There are also people who want to adopt the U.S. democratic system. Indonesia's system is actually similar to America's in that both countries have presidents. However, the U.S. Congress has a very strong position relative to the country's president. If such a system was implemented in Indonesia there would never be enough opportunity for action. Not only would it be more talk- oriented, the lack of action as a general Indonesian weakness would not be compensated by an action-oriented government.

Of course, the 1945 Constitution's system is not perfect. Yet, considering the characteristics of the people in general, it is the most suitable system for Indonesia. In relation to the present international environment, the present system guarantees the maximum possibility for creating competitiveness. What matters now is how to implement and operate that system properly.

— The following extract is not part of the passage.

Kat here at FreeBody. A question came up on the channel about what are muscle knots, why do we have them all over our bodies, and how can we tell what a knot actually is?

There are four more factors which are important to the democratization process in Indonesia. These are the improvement of the judiciary; the establishment of a larger and more capable middle class; a more balanced, free and responsible press; and autonomy of the regions. Without these four factors democracy is only a pretense.

The judiciary today is in bad shape. Not only is it obligated to use obsolete colonial laws; it is also plagued by corruption which has spread to many parts of the judiciary. Here again, salaries are way short of meeting basic necessities. It will take a lot of effort and wisdom to achieve a really dependable judiciary, but high priority must be given to its improvement. Besides its importance in relation to democratization, it also plays a significant role in many aspects of national development.

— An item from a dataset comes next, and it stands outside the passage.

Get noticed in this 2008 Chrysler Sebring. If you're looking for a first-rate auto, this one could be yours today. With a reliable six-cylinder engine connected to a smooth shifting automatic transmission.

It is difficult to visualize a healthy and strong democracy without a strong and large middle class. The situation in Indonesia today is still far from satisfactory as a heritage of the colonial past. It is therefore important for the private sector to be enhanced.

In particular, there must be a large increase in the number of small and medium enterprises which must become the bulwark of a strong and large middle class. However, it will be quite difficult to develop a strong entrepreneurial class if there is no proper solution to the characteristic weaknesses mentioned earlier. Education and leadership are important factors for that purpose. This again indicates how important it is to have an action-oriented democracy.

A free and responsible press must provide the necessary social control for a healthy democracy. This is important in an era in which so much is dominated by information, and therefore instrumental to national development.

The press still needs improvement. There is still too much government intervention, but also the quality of the press is in many cases questionable. It is increasingly dominated by individuals and groups with strong financial backing, each of them representing different political interests which are not necessarily conducive to national interest.

It is encouraging that the government has finally started to give more autonomy to regional governments. Although it is being done slowly, there is at least hope for a better future.

Centralization has lasted too long in Indonesia. However, there are many factors besides democratization that require the distribution of power to the regions, including security requirements.

There are many problems the public must face before democracy becomes a way of life, but with good intentions and the willingness to act, solutions will definitely come.

The writer is former governor the National Resilience Institute, now an ambassador-at-large to the Non-Aligned Movement.